La presenza di Ford al SEMA di Las Vegas, il più importante salone americano del tuning, deve tener fede ad una tradizione "importante" fatta di elaborazioni potenti e vistose allo stesso tempo e a questa regola non si sottrae certo la Hurst Kenne Bell R-Code Mustang per l'edizione 2016. Rifinita in un curioso abbinamento bianco e oro la "pony car" americana per eccellenza sembra voler attirare su di sé tutte le attenzioni del pubblico, merito anche dei cerchi cromati e dorati Hurst Stunner da 20" (con pneumatici 265/35 ZR20 e 305/30 ZR20), del grande spoiler frontale e del cofano motore rimodellato con prese d'aria anteriori. La produzione prevista di questa specialissima Mustang è di soli 50 esemplari.


L'aspetto minaccioso di questa Ford Mustang firmata Hurst deriva poi dalle bandelle laterali maggiorate, dall'assetto ribassato con molle più corte, dall'alettone sul bagagliaio e dal diffusore di coda con quattro terminali di scarico. Ciò che non si vede da fuori è però la chicca sotto il cofano, ovvero il motore 5.0 V8 che grazie all'aggiunta di un compressore volumetrico porta la potenza a 750 CV e, volendo, fino a 1.500 CV con il kit più estremo.
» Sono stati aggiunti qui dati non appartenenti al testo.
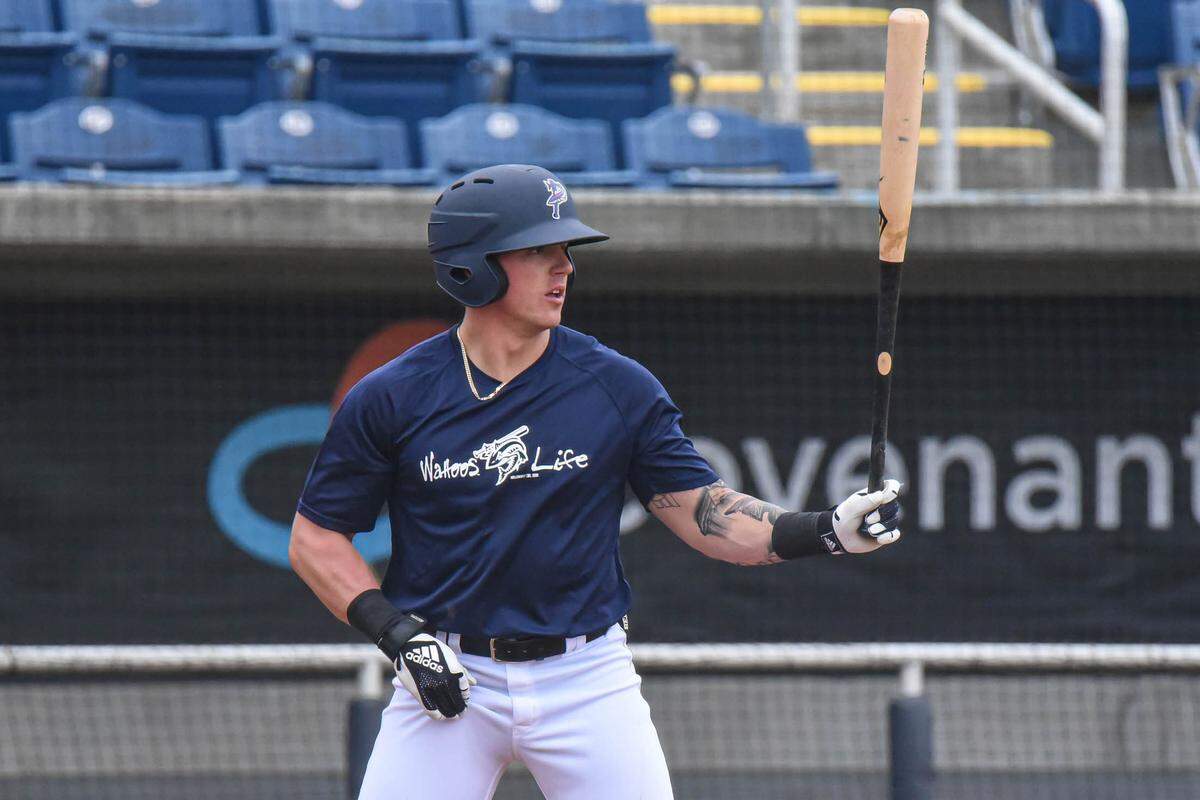Miami Marlins outfielder prospect Peyton Burdick during a practice session with the Double A Pensacola Blue Wahoos on Sunday, May 2, 2021, in Pensacola, Florida.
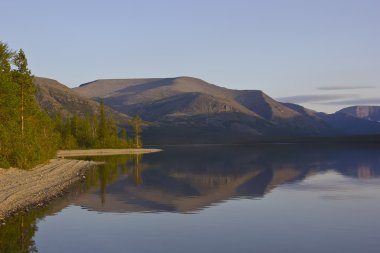 Kel dağ gölü, kola Yarımadası, murmansk bölgesi, Rusya Federasyonu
Una lunga serie di altre modifiche esterne rende ancora più interessante questa "R-Code" 2017, a partire dalle grafiche in stile Hurst degli Anni '60 realizzate dell'artista californiano Lil Louie. Sedili a guscio Recaro in pelle nera e bianca completano gli interni assieme al pomello del cambio sferico per la trasmissione manuale a 6 marce.